The effect of activation of angiogenesis pathways independent of VEGF in renal cell carcinoma on resistance to VEGF-targeted antiangiogenic therapy.

409 Background: VEGF-targeted anti-angiogenic therapy provides significant growth inhibition in clear cell type renal cell carcinoma (CCRCC). However, evasive resistance develops in most responding cases due to unclear mechanisms. We investigated the mechanism of resistance to VEGF-targeted therapy in CCRCC both in vitro and in vivo. METHODS Two different conditioned cell lines were developed from wild type Caki-1. Sunitinib-conditioned Caki-1 was developed by chronic exposures to sunitinib (up to 15uM) and hypoxia-conditioned Caki-1 was developed by chronic exposures to hypoxia (1% oxygen). We characterized these conditioned cells in vitro and response patterns to sunitinib were evaluated using subcutaneous xenograft models with parental and conditioned cells. In vivo angiogenesis assays were performed to characterize angiogenesis potentials in these cells. Finally, mRNA microarray was performed to find pathways that induce resistance to anti-angiogenic therapy.
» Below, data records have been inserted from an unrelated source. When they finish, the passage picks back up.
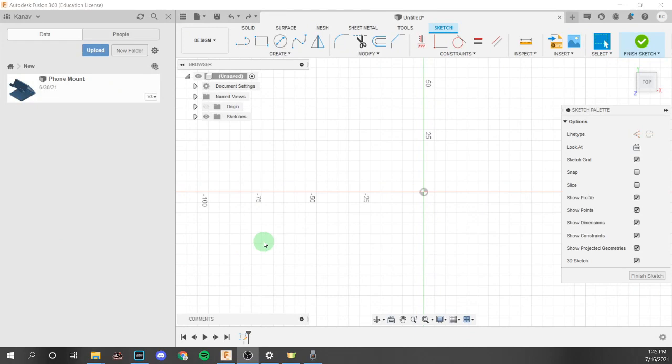So right here I have a sketch open, and the types of patterns we're going to talk about are mirrors, rectangular pattern, and circular pattern. We're going to first start off with mirrors because that's the easiest to describe. A mirror is basically where we take specific objects, like lines, rectangles, circles, anything you want, and it flips across a line to create a mirror image of itself. This is super helpful because it can save a lot of time for objects that are symmetrical, and it's also very good for things like hole placements.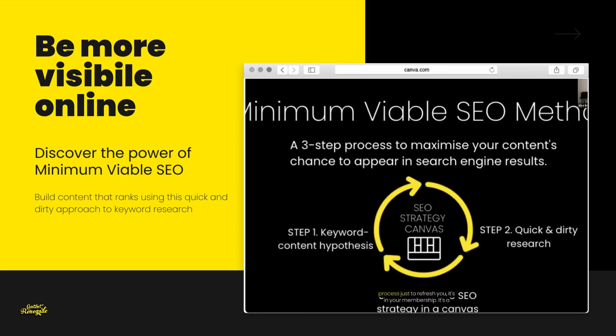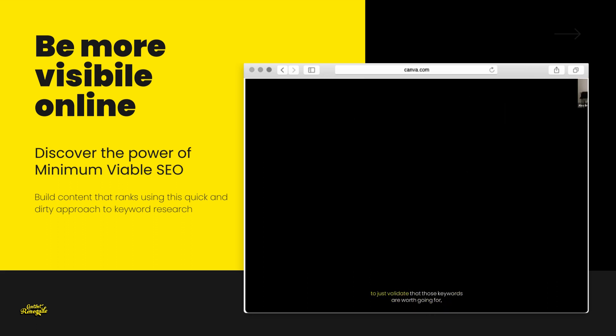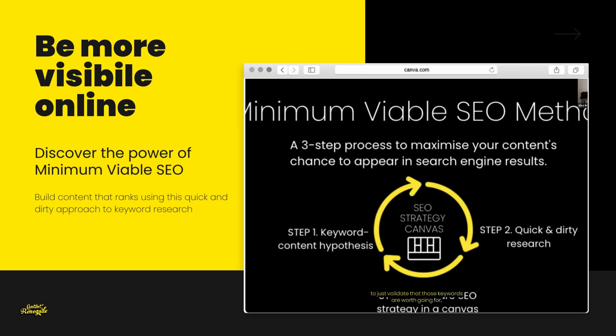This process — just to refresh you — it's in your membership. It's a three-step process and it basically starts with doing a keyword and content hypothesis. It doesn't have to take a long time. I've got a canvas to take you through that super quickly. Then you do some quick and dirty research using the free tools to just validate that those keywords are worth going for, and you capture that information in a canvas.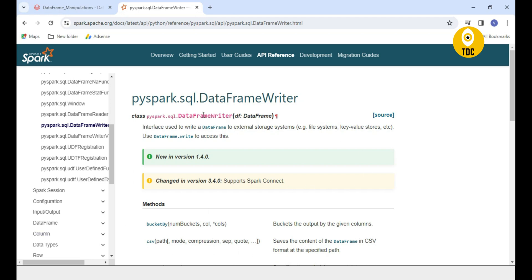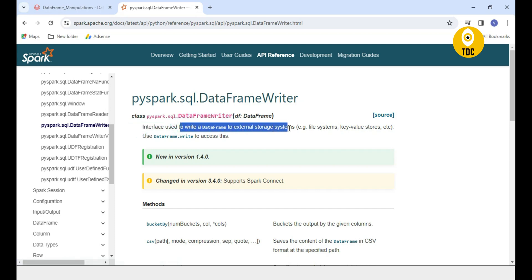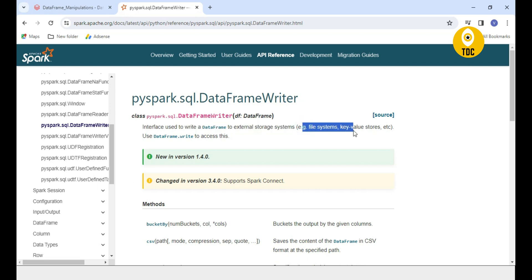As you can see, the DataFrameWriter class is implemented to help write a DataFrame to external storage. When we say external storage it can be a file system — such as Azure Blob Storage, S3 bucket, Windows mount point, HDFS distributed file system, ADLS Azure Data Lake Storage. When working with Databricks it can also be DBFS, the Databricks File System. Generally we are calling all of them as file systems here.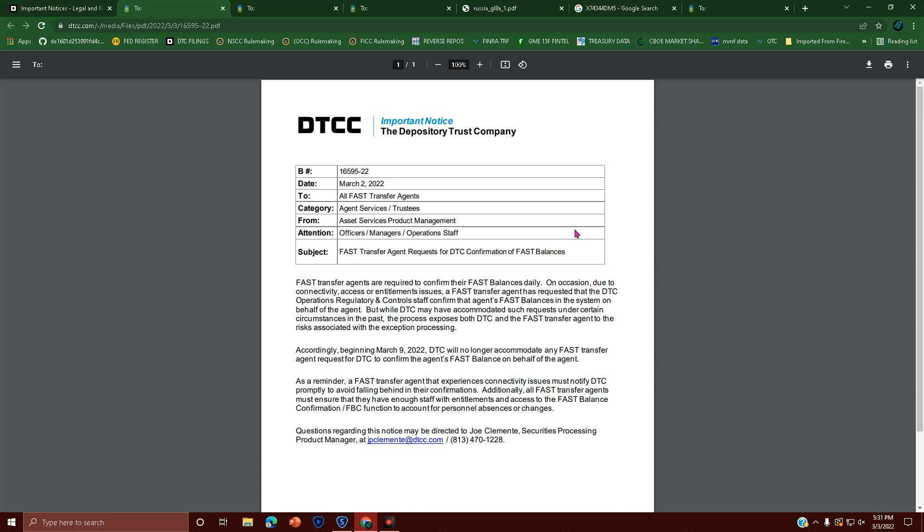Accordingly, beginning March 9th, 2022, DTC will no longer accommodate any FAST transfer agent request for DTC to confirm the agent's FAST balance on behalf of the agent.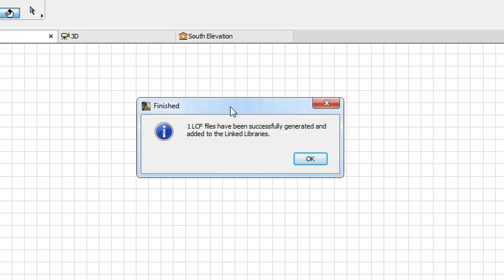After the process is finished, a message appears informing you of the success of the operation. Click the OK button to proceed.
RESULTS Sunitinib inhibited proliferation of HUVEC cells, but did not inhibit tumor proliferation in CCRCC cells at pharmacologically relevant doses. In vitro sunitinib-conditioned Caki-1 cells did not show obvious resistance to sunitinib compared to parental cells, but when tested in vivo these cells appeared to be highly resistant to sunitinib therapy. In contrast, hypoxia-conditioned Caki-1, although more resistant to hypoxia and showing increased vascularity by upregulating VEGF production, did not develop sunitinib resistance either in vitro or in vivo compared to parental cells. In vivo matrigel plug assay with sunitinib treatment confirmed that tumor angiogenesis was relatively intact and less affected by sunitinib treatment in xenografts of sunitinib-conditioned cells compared to parental cells. CONCLUSIONS Resistance to VEGF-targeted therapy is acquired by activation of VEGF-independent angiogenesis pathways induced by interactions with VEGF-targeted drug but not by hypoxia. Our results suggest that more broad inhibitions of tumor angiogenesis are required to prevent development of resistance to anti-angiogenic therapy in CCRCC.